By the end of Discovery, you should have a comprehensive map of users and their interactions with the department (and potentially other organisations too) as they use the service.
It’s then possible to map the user research, touch points, pain points, and existing technology against their user journey.
# Understanding how the business works
Doing research with internal users in the organisation will help discover some of the internal pain points with current processes and give insight into the viability of potential options for Alpha.
This can include:
- business process mapping
- listening to calls to call centres, and observing how staff respond to them
- visiting shopfronts, where parts of the service are provided.
From this research you may wish to map the internal user journeys of staff dealing with the users of the service. This will give you a better understanding of how staff support the service end-to-end, and highlight the systems that they interact with.
# Mapping the technology and data
Understanding the existing IT systems, data stores and in-flight programs of work will give the team greater visibility into how Alpha opportunities could fit into the existing technology landscape, and inform the longer-term roadmap for the service.
You will need to identify and map the technology and data landscape, reusing existing capability and knowledge in the department.
Mapping these systems, data and responsible agencies against the service map will give the team a complete view of where user needs are currently being met by technology.
# Artefacts you may produce
You will create several artefacts and keep adding to them as you go through Discovery.
The types of artefacts you produce will vary depending upon what you need to document and communicate. The team will keep building and validating these artefacts — especially the user journey map — as it goes through the later stages.
Some suggestions of artefacts you might produce:
- User needs - a well documented set of user needs, informed and evidenced by the user research you have completed.

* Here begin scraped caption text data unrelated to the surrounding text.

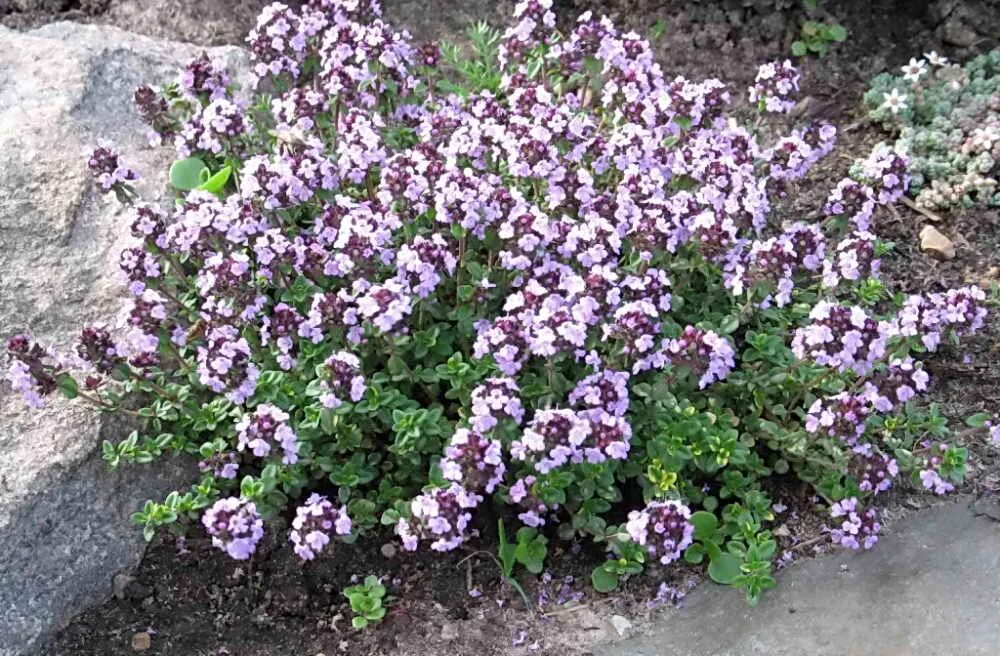 Тимьян ползучий донна валей. Тимьян в открытом грунте. Тимьян блошницевидный. Тимьян в открытом грунте. Тимьян ползучий лимоннопахнущий.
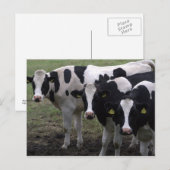 Koeien Briefkaart (Voorkant / Achterkant)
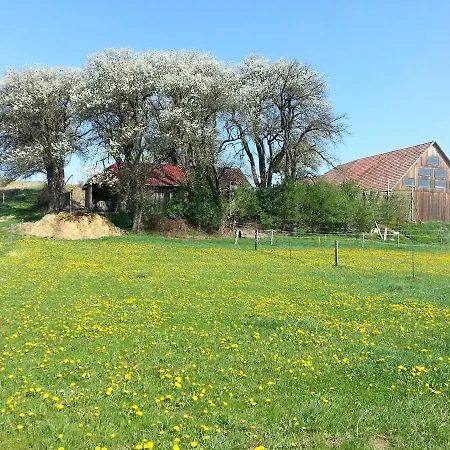 Apartament A-sissy-hof Billigangebot Bischofstetten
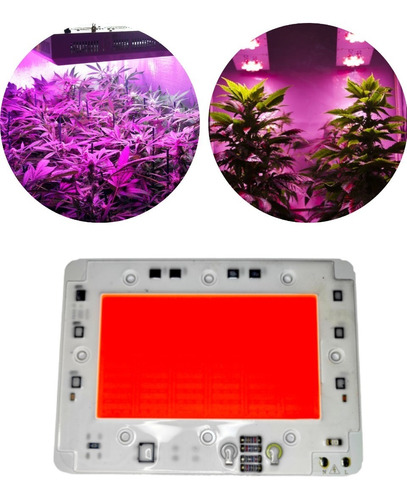 Led Full Spectrum Cultivo Plantas Invernadero 50w 220v 13510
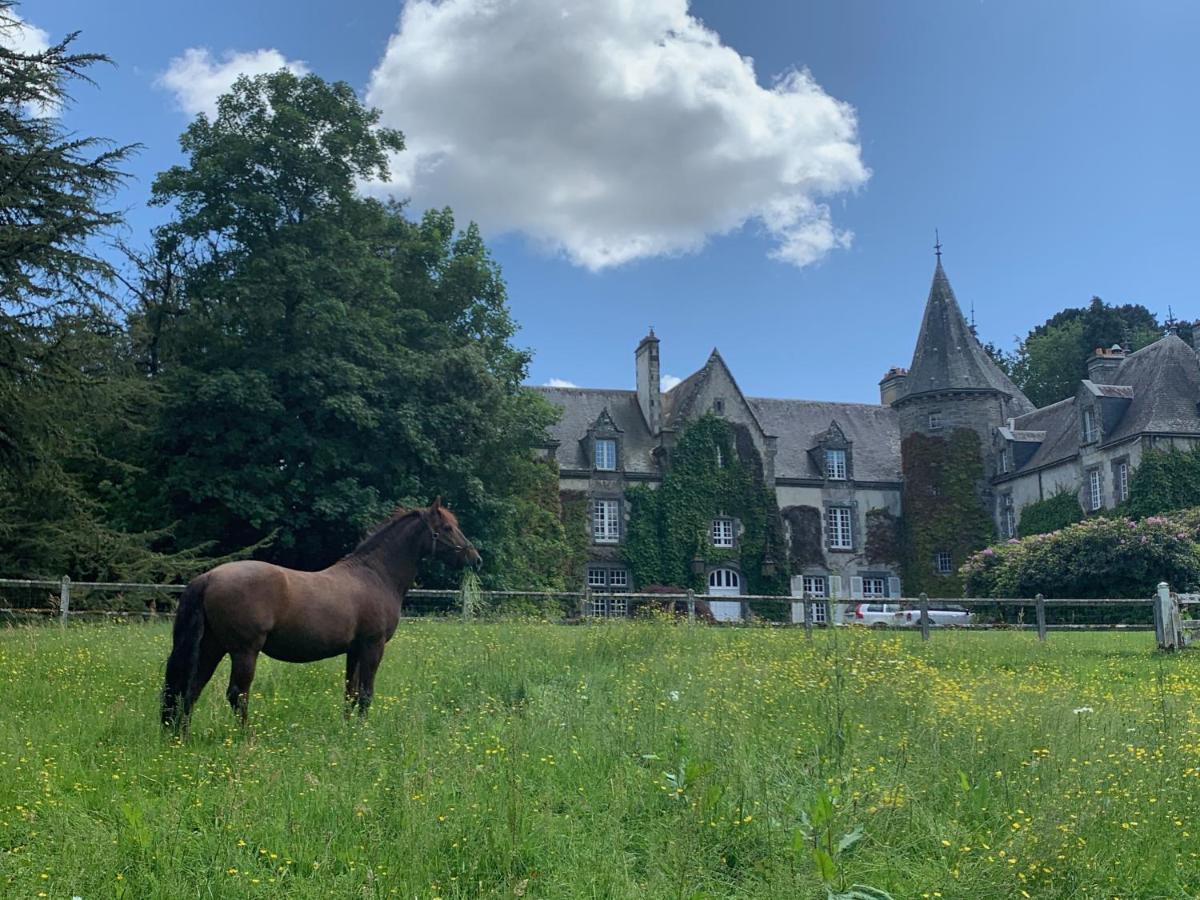 Manoir De Tregaray Hotel Sixt-sur-Aff Exterior photo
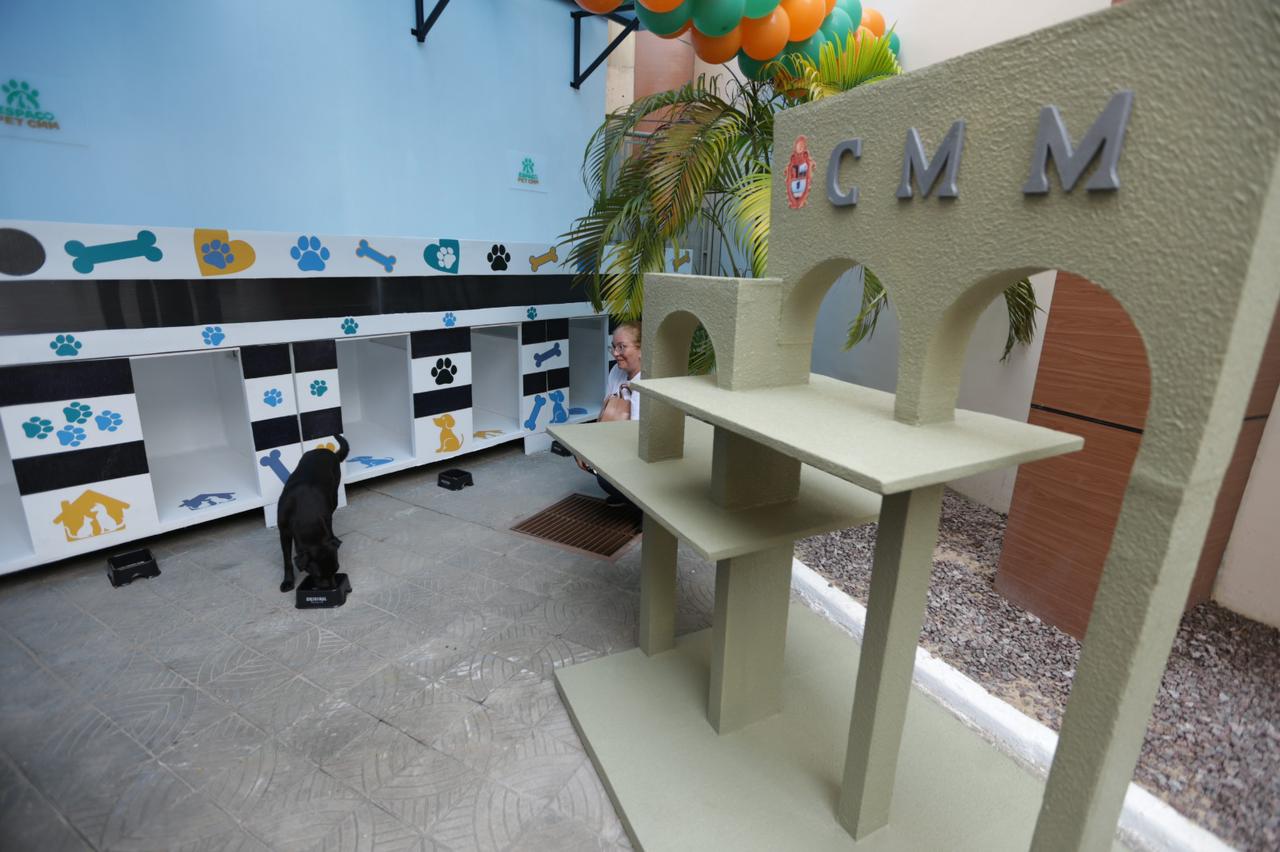 Espaço pet é inaugurado para animais que vivem nas dependências da CMM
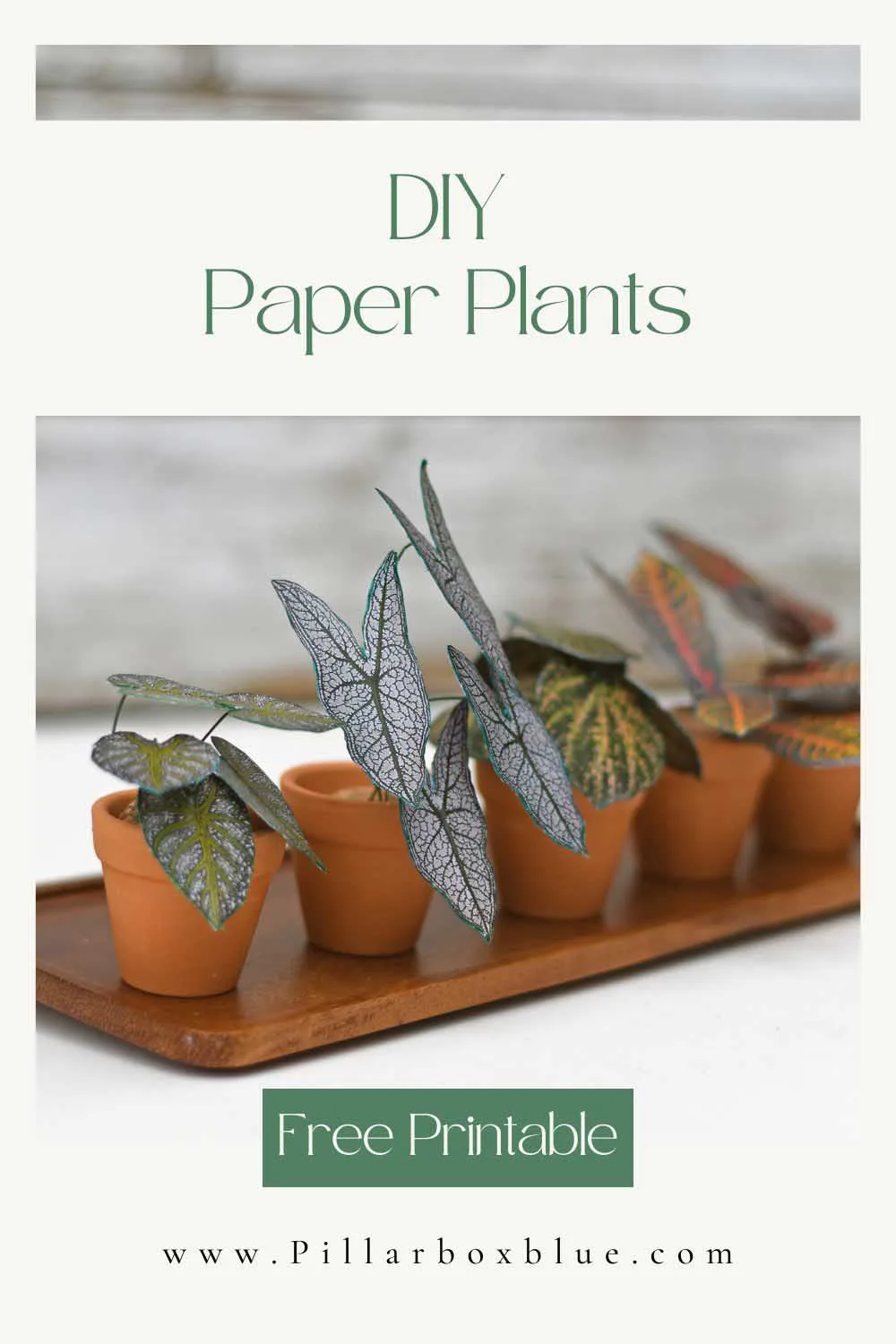 tray of five different paper potted plants in terracotta pots on wooden tray pin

- User journey map - the user journey map shows all of the steps that a user goes through to get what they need done, including their interactions with different parts of DAWE and other organisations.
- Service map - the service map is created from the user groups, as a map of the wider problem space. It includes the users, business, technology and data for each stage of the service.
# Finishing Discovery stage
At the end of the Discovery stage, you’ll have a good understanding of the user’s needs, and the service landscape.
# Identifying hypothesis
You should use your understanding of the users their needs and context to formulate your hypothesis. Your hypothesis should define the target state for your service.
By defining your hypothesis in the Discovery stage, you give yourself the opportunity to test what you think the solution to your problem is before developing the actual solution.
During the Alpha stage, the hypothesis will be tested with a number of possible solutions.
A hypothesis is not the minimum viable product (MVP). The scope of the MVP is defined at the end of the Alpha stage, and not before then.
# Sharing what you learn
At the end of Discovery stage, you should report back on your findings in a discovery document. This can be shared with senior stakeholders and across government.
Produce a document or slide deck that you can share with your stakeholders to explain how the team reached this point.
The deck may contain:
- hypotheses you will explore in Alpha stage
- who you talked to and the pain points you heard
- the user journey map as you understand it at that point
- any pain points that are out of scope for Alpha stage
- justification of how you made decisions and the method you used
- current benchmarks of service performance
- how you will measure improvements to the service
- photos and feedback quotes.
You should also have started a decision register. You will keep using this in Alpha stage and beyond.